Desde adentro, el colapso ha venido ocurriendo en los últimos meses, desde la caída de Nicolás Maduro en enero. Venezuela era el principal soporte energético de la Isla —y del régimen. Sin el petróleo venezolano, Cuba ha sido incapaz de encontrar cómo llenar ese vacío energético que hoy tiene sumidos a los cubanos en una de las peores crisis en décadas. La semana pasada el gobierno admitía que sus reservas se habían terminado.
Después de que Rusia enviara un último buque en marzo pasado, el Anatoly Kolodkin, y que México detuviera sus propios envíos tras la amenaza arancelaria de Donald Trump, el envío de crudo se detuvo. Desde entonces, en cuatro meses, llegó un solo barco. Cuba necesita ocho al mes.
Desde fuera, la administración Trump lleva meses presionando al régimen para negociar. Ayer, Washington formalizó una acusación penal contra Raúl Castro por el derribo de dos aviones civiles en 1996 que habrían dejado cuatro muertos. Treinta años después se abre un expediente judicial con fines claramente políticos.
A eso se suma el anuncio hecho hace unos días de sanciones directas contra once altos funcionarios del régimen cubano, desde generales y ministros hasta la Dirección de Inteligencia, así como la visita a La Habana del director de la CIA, John Ratcliffe la semana pasada. Hoy, aviones de vigilancia sobrevuelan la Isla mientras el Pentágono ya cuenta desde abril pasado, con opciones y escenarios militares que puede evaluar el presidente Trump en caso de considerarlo necesario.
Para Washington, Cuba es una oportunidad. La Casa Blanca necesita con urgencia una victoria luego del desastre en que derivó el conflicto con Irán y el cierre del Estrecho de Ormuz que ha dejado a Washington en una posición incómoda de cara a las elecciones intermedias de noviembre. Un cambio en Cuba, al menos desde la narrativa económica y/o política, significaría el triunfo que la Casa Blanca necesita.
Pero el cambio en Cuba, también es un proyecto personal para el actual Secretario de Estado, Marco Rubio.
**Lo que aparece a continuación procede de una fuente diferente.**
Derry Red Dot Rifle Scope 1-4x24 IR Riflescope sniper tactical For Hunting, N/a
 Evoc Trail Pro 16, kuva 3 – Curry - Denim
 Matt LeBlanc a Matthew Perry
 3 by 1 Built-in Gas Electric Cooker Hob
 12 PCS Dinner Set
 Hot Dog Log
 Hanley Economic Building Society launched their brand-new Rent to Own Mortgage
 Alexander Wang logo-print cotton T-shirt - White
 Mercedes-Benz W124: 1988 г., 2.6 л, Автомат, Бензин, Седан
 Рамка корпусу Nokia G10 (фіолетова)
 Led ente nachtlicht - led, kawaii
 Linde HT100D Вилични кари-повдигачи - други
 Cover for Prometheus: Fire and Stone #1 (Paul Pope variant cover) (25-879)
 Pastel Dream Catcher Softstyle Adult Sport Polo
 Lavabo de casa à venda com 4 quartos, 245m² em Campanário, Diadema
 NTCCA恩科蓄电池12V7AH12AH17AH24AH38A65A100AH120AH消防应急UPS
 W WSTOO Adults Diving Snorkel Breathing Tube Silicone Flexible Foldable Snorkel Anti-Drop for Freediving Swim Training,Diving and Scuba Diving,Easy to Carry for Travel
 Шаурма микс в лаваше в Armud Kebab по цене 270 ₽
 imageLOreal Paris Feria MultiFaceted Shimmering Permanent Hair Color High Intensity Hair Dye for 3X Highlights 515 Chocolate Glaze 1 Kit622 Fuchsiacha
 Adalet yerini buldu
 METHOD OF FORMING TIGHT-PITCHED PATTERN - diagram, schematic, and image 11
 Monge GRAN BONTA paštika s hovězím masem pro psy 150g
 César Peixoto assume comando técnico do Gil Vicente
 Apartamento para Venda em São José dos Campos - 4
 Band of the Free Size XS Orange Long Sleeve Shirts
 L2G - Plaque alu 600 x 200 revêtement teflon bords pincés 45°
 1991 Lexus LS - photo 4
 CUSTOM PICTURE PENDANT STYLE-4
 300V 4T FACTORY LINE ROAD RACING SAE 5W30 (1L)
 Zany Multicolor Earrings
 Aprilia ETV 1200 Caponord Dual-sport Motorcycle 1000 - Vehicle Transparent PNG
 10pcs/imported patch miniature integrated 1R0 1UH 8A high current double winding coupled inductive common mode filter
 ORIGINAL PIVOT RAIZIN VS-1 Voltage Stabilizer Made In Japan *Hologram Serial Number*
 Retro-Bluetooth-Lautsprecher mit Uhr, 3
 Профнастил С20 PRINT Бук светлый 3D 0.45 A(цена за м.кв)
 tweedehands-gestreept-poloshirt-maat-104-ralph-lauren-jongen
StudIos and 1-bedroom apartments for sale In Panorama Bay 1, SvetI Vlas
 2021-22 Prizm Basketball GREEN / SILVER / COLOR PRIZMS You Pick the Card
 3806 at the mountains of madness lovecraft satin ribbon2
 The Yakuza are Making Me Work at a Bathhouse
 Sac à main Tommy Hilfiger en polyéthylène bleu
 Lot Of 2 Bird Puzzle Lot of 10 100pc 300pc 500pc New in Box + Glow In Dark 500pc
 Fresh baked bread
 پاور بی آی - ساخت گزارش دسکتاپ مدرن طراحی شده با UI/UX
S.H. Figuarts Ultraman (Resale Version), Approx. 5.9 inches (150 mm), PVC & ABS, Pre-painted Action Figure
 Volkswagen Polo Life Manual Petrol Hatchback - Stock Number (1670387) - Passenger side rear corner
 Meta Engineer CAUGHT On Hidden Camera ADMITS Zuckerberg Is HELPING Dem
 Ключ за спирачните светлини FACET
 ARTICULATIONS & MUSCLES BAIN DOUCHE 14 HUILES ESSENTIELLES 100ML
Hijo de la diáspora cubana en Florida, Rubio lleva toda su carrera política esperando este momento. Y estos días le ha hablado directamente al pueblo cubano con nombres y cifras: "No se puede cambiar el rumbo económico de Cuba mientras la gente que hoy está a cargo continúe en ese lugar.”
El problema es que Cuba no es Venezuela. El régimen castrista tiene menos incentivos para negociar con Washington que los que tuvieron los hermanos Rodríguez, Vladimir Padrino o Diosdado Cabello en Venezuela luego de la detención de Nicolás Maduro en enero. Tienen la convicción, al menos una parte de quienes integran la dictadura, de que cualquier apertura implicaría el principio del fin.
Y mientras Rubio sueña con desmantelar el liderazgo actual de la Isla, Trump quizá se conforme con una apertura económica como la que logró en Venezuela. La dictadura por su parte, parece apostar a resistir, confiando en el tiempo y en apoyos de algunos países de la región. Los cubanos de a pie por su parte, siguen a oscuras, pagando el precio más alto. La presión económica actual es asfixiante y el riesgo de inestabilidad política y levantamiento social es altísimo. Un estallido podría generar nuevas olas migratorias masivas y desestabilizar aún más el hemisferio.
124 años después, Cuba parece volver a un dilema fundacional: ¿tendrá su nueva Enmienda Platt?